By Le Thuy   September 5, 2024 | 03:00 pm PT
While I don’t mind the gatherings themselves, it becomes problematic when I have to take time off work, go to the market, and cook every time my husband’s family gets together.

My husband and I, who are not well-off, live with his parents. He is the youngest of five siblings. His three older brothers each have their own homes. His eldest brother and his wife, as well as his second brother and his wife, live 30-40 km away from my in-laws’ home, while his third brother lives just 500 meters away. The eldest brother has one child, the second brother has two children, and the third brother has two children.

During every traditional festival or memorial day, as my husband’s family gathers at my parents-in-law’s place, I have to wake up at 5:30 a.m. to go to the market, while my husband also wakes up early to slaughter chickens for the feast. The third brother and his wife, although asked by the parents to help, usually show up only around 9-10 a.m., whereas the eldest and second brothers come just to eat.

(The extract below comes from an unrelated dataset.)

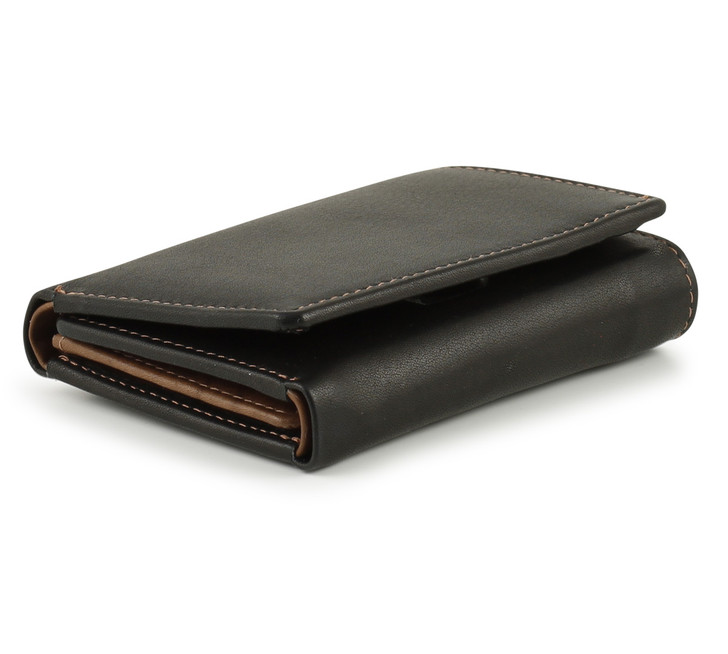 Trifold Wallet - Black/Toffee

We need to slaughter at least five chickens because my mother-in-law also packs chickens for the eldest and second brothers to take home. Occasionally, my in-laws invite extended relatives, which makes the preparation even more hectic. Despite that, during the meal, my mother-in-law always eagerly serves my sisters-in-law while completely ignoring me, which makes me feel neglected.

One time, on my grandfather-in-law’s death anniversary, we arrived home late in the afternoon because we had been at my younger sister’s wedding. Upon our return, we were harshly scolded by my parents-in-law for being late and leaving no one to prepare the meal. Meanwhile, my husband’s siblings, who had returned earlier, were unsure of what to do and did nothing. My parents-in-law did not scold them but directed all their anger at us, which left us feeling very upset.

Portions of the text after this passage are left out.